Google Gemini partially launched this week with claims that a forthcoming high-end version will outperform OpenAI’s GPT-4. But for software developers, choosing an AI coding assistant isn’t just a matter of which foundational model has most recently leapfrogged another.
On the heels of Microsoft adding support for GPT-4 Turbo to Windows 11 and search engine Bing this week, Google launched a comparable Pro version of Gemini 1.0 for its Bard search engine and the lower-end Gemini Nano for Pixel 8 Pro phones.
Starting December 13, developers will have access to Gemini Pro in Google AI Studio and Google Cloud Vertex AI. The high-end Gemini Ultra, for which Google published early testing benchmarks that exceed GPT-4, will be released early next year.

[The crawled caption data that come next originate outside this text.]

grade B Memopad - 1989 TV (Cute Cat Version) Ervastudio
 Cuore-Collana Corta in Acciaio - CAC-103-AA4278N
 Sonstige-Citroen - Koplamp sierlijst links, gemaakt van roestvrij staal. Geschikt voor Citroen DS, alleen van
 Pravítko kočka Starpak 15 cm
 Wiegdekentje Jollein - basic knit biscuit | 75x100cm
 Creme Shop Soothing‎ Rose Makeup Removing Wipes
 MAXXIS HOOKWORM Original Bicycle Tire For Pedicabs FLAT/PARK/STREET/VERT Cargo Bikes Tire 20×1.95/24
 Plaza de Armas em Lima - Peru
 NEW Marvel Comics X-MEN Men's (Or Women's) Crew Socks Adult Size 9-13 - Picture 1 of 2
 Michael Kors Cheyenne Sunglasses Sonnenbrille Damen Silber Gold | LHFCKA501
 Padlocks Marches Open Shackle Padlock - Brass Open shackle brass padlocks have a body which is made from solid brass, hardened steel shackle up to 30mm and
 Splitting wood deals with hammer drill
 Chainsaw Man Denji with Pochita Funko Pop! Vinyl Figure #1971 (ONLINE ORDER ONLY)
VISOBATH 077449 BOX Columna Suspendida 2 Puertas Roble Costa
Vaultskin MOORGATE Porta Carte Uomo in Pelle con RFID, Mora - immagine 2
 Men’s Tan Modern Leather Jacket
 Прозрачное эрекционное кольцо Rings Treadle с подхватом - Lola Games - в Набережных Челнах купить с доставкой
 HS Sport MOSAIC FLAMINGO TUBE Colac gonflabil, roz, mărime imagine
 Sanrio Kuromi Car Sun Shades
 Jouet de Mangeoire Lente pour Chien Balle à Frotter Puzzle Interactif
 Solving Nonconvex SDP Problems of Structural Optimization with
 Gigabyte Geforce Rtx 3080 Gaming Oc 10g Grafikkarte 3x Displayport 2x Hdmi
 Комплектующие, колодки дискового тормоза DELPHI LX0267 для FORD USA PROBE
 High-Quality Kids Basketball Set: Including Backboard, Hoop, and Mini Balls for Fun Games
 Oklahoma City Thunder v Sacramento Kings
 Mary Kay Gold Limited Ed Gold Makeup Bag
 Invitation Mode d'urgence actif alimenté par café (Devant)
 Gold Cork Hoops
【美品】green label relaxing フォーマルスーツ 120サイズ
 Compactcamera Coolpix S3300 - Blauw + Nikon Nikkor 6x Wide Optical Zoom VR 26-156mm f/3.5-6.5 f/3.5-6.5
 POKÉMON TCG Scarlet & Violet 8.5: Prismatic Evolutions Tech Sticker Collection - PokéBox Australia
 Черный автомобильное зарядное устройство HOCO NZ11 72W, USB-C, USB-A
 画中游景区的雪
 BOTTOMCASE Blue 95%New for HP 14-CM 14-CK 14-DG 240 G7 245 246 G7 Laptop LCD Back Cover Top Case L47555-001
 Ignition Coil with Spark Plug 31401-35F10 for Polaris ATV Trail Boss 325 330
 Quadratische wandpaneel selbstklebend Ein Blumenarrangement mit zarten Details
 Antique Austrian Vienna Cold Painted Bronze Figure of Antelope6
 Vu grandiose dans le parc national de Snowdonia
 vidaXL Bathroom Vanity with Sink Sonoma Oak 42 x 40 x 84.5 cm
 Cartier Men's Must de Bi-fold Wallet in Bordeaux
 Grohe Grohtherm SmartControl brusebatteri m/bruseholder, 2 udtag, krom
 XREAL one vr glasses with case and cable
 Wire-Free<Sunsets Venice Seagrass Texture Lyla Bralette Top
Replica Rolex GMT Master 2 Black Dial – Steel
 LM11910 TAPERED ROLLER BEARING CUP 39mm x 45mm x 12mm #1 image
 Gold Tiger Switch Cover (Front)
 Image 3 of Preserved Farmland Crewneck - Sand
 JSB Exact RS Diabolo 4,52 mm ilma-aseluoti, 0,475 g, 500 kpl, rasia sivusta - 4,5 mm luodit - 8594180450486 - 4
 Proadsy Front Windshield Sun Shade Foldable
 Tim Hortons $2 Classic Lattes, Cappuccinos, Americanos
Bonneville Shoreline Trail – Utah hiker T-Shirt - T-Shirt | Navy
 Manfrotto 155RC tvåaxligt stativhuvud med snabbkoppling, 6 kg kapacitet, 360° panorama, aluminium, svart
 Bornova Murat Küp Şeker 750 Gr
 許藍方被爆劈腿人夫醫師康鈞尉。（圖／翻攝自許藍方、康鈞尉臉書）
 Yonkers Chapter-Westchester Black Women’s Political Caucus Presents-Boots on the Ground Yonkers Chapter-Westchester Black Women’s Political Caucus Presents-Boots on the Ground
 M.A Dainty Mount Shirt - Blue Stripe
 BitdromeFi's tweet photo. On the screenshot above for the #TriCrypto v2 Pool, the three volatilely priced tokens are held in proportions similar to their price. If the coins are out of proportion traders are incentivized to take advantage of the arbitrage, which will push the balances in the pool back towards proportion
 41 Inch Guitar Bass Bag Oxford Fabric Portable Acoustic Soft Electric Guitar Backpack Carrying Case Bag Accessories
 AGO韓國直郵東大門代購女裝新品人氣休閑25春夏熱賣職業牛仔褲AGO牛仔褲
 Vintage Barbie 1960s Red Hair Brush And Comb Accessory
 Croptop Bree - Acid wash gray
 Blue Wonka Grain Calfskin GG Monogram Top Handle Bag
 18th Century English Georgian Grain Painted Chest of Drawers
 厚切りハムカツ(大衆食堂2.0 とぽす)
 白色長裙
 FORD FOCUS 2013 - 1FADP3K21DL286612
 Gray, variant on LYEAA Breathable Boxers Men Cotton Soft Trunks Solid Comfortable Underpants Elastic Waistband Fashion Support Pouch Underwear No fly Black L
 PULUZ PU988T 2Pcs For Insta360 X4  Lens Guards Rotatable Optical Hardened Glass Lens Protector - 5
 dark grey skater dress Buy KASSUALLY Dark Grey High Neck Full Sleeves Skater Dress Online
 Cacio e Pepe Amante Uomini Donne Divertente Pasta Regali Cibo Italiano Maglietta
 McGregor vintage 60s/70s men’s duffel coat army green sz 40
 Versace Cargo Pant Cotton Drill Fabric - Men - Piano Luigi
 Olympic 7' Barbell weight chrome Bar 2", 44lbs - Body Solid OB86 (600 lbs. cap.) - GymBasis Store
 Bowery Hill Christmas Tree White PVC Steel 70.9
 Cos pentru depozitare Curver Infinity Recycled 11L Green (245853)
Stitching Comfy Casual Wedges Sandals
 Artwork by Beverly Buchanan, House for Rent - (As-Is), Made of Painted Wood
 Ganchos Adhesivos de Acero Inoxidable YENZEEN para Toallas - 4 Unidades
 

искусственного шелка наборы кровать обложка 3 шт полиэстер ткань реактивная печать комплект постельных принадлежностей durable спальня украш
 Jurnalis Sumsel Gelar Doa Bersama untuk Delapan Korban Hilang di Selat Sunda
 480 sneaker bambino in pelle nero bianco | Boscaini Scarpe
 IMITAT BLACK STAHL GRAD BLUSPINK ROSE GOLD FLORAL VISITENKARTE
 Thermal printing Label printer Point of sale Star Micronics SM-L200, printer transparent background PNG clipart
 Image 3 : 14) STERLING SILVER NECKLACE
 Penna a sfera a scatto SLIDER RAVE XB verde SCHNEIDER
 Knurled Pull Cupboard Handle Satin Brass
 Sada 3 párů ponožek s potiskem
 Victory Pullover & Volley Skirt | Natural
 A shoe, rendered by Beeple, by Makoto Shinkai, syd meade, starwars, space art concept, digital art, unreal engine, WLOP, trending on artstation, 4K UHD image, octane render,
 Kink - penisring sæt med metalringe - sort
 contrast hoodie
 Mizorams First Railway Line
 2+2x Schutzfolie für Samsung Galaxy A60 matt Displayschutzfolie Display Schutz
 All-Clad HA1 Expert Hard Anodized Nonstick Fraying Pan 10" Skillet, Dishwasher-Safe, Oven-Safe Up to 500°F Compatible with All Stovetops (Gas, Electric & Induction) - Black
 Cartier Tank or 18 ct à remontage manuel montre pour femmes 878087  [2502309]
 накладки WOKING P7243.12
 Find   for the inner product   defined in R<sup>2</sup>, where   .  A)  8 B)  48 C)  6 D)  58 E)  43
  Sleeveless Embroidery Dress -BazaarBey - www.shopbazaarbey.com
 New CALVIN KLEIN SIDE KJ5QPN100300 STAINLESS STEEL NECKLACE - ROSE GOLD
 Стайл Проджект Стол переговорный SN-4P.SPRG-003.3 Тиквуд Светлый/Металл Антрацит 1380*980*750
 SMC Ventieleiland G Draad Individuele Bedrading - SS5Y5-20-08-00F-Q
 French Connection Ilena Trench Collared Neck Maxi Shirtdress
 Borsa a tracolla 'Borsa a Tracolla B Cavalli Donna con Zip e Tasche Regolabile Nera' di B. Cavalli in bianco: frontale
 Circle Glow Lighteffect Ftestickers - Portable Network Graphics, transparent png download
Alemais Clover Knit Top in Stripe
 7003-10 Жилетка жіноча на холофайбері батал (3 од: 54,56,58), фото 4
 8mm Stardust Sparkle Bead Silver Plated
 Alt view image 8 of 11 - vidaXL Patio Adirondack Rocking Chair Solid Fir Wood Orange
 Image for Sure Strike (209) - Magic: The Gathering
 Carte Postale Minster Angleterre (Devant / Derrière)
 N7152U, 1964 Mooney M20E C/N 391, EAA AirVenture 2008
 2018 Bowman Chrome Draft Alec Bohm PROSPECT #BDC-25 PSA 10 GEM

Google’s AI updates this week also encompassed deeper layers of the generative AI IT stack; it released a new version of its tensor processing unit (TPU), which was used to train Gemini as well as a Google Cloud AI Hypercomputer service --a combination of hardware, software and resource management utilities similar to those used to train Gemini. Hypercomputer utilities include a new Dynamic Workloads Scheduler to address demand for GPU and TPU capacity in cloud computing.
Google’s PaLM 2 large language model (LLM) was seen as less mature than OpenAI’s GPT, especially once GPT-4 became available in March. AWS made strides in its own AI-specific chips with the AWS Trainium and Inferentia product lines and it formed a partnership with NVIDIA.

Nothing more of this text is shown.